DIRECTIONS FOR THIS TASK: Lines where the string "Pure" appears are to be copied from the entries below.

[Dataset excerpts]
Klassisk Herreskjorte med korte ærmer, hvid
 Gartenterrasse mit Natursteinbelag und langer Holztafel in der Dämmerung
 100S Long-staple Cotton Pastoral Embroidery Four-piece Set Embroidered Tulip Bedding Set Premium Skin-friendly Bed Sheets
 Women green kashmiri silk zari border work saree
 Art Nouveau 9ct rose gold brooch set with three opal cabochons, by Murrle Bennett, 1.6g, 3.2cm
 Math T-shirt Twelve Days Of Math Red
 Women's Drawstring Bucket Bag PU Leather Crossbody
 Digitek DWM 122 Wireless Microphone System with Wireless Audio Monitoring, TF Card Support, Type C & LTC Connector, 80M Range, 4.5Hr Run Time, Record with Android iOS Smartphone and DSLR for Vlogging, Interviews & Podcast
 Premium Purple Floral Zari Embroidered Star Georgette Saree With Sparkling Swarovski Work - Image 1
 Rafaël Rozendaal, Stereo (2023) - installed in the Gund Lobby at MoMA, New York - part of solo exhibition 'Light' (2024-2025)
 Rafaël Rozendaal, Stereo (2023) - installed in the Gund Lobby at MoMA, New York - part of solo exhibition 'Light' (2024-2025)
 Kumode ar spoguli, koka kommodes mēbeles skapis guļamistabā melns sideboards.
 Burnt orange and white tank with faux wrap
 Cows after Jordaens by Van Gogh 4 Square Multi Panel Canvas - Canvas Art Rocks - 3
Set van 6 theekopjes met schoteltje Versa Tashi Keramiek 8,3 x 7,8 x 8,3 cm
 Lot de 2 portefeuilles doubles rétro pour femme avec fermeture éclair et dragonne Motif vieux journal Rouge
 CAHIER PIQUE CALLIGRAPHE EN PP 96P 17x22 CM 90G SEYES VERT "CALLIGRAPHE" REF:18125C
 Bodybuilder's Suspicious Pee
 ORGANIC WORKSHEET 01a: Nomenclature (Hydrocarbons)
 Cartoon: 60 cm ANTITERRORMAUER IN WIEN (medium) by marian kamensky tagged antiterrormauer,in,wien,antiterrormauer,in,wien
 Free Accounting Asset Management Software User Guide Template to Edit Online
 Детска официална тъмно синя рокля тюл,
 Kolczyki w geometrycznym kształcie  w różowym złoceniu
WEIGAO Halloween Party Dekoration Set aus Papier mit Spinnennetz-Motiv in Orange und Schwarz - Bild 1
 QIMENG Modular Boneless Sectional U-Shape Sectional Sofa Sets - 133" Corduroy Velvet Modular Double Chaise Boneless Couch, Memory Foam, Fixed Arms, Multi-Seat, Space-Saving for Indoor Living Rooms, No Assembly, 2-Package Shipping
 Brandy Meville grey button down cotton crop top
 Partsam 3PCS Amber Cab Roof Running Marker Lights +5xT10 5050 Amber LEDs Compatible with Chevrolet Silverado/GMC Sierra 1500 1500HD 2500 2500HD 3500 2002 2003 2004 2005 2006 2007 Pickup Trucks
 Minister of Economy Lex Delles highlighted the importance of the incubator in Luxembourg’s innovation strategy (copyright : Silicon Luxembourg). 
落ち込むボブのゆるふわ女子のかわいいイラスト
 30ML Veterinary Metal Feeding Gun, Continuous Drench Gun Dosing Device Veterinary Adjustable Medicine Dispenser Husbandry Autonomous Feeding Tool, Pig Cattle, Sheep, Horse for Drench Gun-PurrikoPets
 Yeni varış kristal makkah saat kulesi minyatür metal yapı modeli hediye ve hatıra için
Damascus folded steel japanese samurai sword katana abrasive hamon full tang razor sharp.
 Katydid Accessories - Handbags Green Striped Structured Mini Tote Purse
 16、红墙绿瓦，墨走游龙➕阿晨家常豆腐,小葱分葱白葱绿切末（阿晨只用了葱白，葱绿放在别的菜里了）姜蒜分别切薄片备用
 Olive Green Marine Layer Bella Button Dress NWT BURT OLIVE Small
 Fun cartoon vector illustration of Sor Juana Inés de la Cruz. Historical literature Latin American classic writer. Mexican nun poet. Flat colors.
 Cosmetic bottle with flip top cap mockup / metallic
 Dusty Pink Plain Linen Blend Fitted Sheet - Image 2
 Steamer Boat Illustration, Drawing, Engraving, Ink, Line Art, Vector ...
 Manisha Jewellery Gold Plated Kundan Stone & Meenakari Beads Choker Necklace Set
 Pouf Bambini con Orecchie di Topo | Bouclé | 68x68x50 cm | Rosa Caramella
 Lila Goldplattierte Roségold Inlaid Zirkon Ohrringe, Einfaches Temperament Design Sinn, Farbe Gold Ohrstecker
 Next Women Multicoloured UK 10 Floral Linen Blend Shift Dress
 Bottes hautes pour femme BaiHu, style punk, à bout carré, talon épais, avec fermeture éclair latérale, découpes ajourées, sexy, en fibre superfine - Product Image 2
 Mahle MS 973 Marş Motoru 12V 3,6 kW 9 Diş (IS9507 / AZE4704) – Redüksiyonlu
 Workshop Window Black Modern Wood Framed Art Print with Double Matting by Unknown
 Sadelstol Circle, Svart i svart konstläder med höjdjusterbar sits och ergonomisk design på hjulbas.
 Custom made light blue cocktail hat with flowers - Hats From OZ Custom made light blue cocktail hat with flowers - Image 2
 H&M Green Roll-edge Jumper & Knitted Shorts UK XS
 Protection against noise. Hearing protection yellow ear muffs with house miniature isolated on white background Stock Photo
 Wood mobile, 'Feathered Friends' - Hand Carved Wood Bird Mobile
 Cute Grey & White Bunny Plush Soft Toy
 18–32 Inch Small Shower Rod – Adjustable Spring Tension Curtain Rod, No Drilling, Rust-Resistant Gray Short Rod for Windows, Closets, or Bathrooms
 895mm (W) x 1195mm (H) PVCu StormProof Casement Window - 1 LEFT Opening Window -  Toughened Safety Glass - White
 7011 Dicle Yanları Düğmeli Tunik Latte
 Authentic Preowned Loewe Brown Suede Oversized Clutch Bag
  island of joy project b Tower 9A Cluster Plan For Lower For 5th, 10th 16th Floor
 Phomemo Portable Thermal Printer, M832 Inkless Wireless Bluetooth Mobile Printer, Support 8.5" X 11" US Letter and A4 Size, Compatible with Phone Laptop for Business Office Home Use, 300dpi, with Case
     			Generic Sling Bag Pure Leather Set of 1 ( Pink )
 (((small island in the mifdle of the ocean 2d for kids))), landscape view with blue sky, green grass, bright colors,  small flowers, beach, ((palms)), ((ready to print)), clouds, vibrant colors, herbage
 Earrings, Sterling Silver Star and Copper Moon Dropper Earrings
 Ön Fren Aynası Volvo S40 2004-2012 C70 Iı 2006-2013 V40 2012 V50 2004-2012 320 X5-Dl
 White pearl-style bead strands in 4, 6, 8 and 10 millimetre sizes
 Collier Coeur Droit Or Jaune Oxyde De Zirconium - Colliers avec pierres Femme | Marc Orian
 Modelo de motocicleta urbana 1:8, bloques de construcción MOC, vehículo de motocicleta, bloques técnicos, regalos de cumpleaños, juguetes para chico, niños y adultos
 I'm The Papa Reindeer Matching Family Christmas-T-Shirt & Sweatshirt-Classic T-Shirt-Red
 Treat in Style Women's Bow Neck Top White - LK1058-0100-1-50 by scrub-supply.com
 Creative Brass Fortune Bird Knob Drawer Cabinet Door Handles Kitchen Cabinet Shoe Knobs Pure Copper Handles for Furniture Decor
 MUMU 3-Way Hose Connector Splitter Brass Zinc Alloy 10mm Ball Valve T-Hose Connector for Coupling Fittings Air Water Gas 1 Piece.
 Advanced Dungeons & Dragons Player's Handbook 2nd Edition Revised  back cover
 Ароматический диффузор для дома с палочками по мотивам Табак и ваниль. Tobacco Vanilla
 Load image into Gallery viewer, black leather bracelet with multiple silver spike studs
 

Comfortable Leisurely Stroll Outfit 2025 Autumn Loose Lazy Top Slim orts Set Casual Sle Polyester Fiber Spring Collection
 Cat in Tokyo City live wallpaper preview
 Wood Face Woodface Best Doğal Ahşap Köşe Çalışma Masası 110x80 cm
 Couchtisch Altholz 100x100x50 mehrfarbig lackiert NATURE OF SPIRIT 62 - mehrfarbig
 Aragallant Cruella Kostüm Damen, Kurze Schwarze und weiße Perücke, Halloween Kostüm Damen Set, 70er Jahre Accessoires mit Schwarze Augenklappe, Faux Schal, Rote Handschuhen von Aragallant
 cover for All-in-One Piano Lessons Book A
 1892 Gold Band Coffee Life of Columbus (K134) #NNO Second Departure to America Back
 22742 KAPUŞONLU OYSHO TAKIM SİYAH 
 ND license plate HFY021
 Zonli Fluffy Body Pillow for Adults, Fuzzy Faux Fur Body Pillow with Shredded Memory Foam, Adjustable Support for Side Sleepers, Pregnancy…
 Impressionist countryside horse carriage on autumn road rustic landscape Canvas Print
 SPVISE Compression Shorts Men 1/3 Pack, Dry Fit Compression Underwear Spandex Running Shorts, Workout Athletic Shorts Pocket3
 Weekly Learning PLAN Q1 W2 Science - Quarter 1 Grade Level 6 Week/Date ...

EXPECTED OUTPUT:
     			Generic Sling Bag Pure Leather Set of 1 ( Pink )
 Creative Brass Fortune Bird Knob Drawer Cabinet Door Handles Kitchen Cabinet Shoe Knobs Pure Copper Handles for Furniture Decor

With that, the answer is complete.